Parametric Oracles

ParametricOracle

Abstract type for oracles whose constraint set $C(\theta)$ depends on parameters.

Concrete subtypes hold parameter functions ($\theta \to$ constraint data). Use materialize to instantiate a concrete oracle for a given $\theta$.

materialize(plmo::ParametricOracle, θ) -> concrete_lmo

Evaluate parameter functions at $\theta$ and return a concrete oracle.

ParametricBox(lb_fn, ub_fn)

Parametric box

\[C(\theta) = \{x : l(\theta) \le x \le u(\theta)\}\]

• lb_fn(θ) -> Vector: lower bound function
• ub_fn(θ) -> Vector: upper bound function

ParametricSimplex{R, Equality}(r_fn)

Parametric simplex

\[C(\theta) = \{x \ge 0 : \sum x_i \le r(\theta)\}\]
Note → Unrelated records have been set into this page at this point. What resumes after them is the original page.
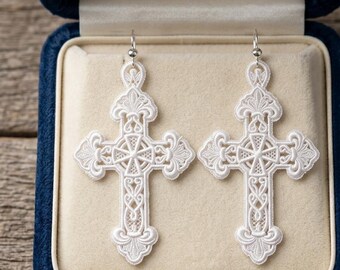 Gesticktes Kreuz Ohrringe FSL Religiöser Schmuck, christliche baumelnde Ohrringe, leichtes Glaubensgeschenk, Heiliges Kreuz Zubehör, 2,8 "Größe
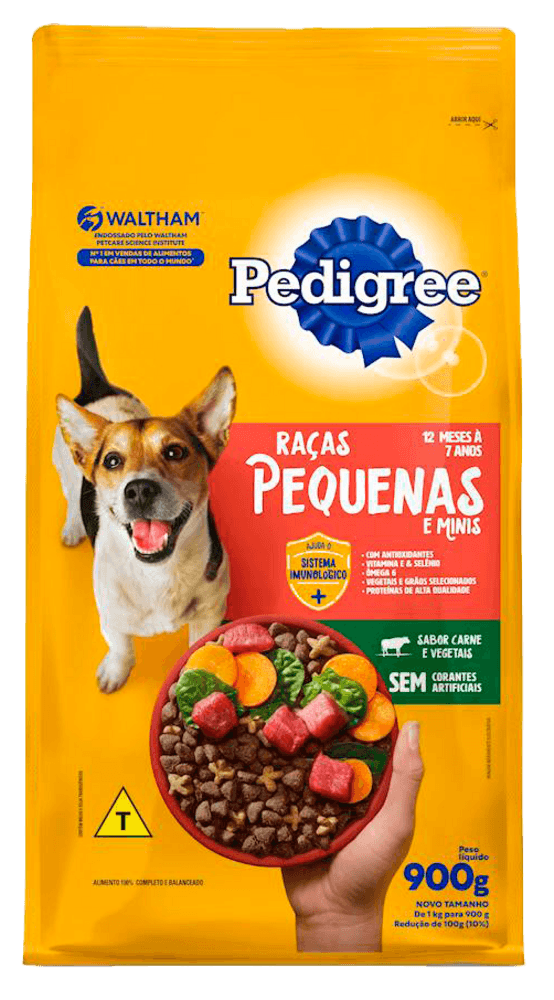 Alimento-100--Completo-e-Balanceado-para-Caes-Adultos-Carne-e-Vegetais-Pedigree-Pacote-900g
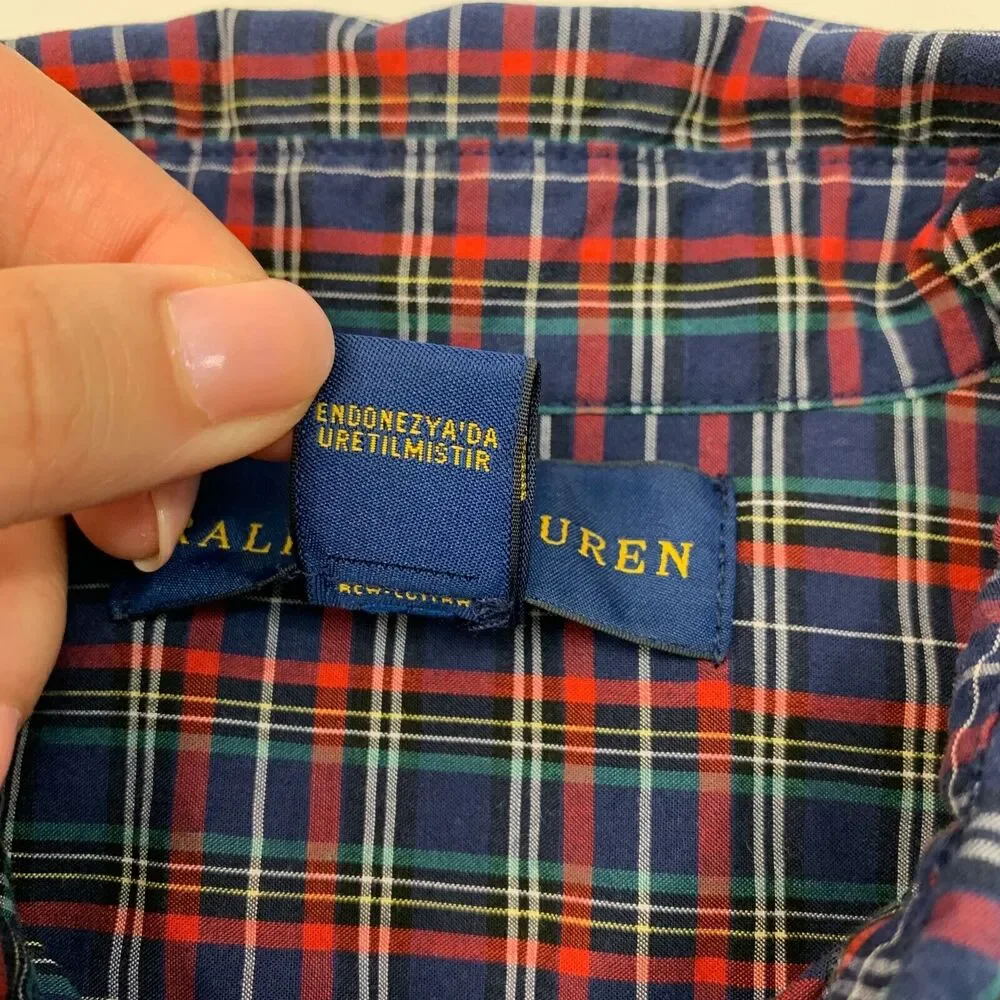 Ralph Lauren Shirt Boys‎ Youth L Large Plaid Button Down Long Sleeve Cotton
(or $= r(\theta)$ when Equality=true).

• r_fn(θ) -> scalar: budget function

ParametricProbSimplex(r_fn)

Convenience constructor for ParametricSimplex{R, true} – the parameterized probability simplex

\[\{x \ge 0 : \sum x_i = r(\theta)\}\]

ParametricWeightedSimplex(α_fn, β_fn, lb_fn)

Parametric weighted simplex

\[C(\theta) = \{x \ge l(\theta) : \langle \alpha(\theta), x \rangle \le \beta(\theta)\}\]

• α_fn(θ) -> Vector: cost coefficient function
• β_fn(θ) -> scalar: budget function
• lb_fn(θ) -> Vector: lower bound function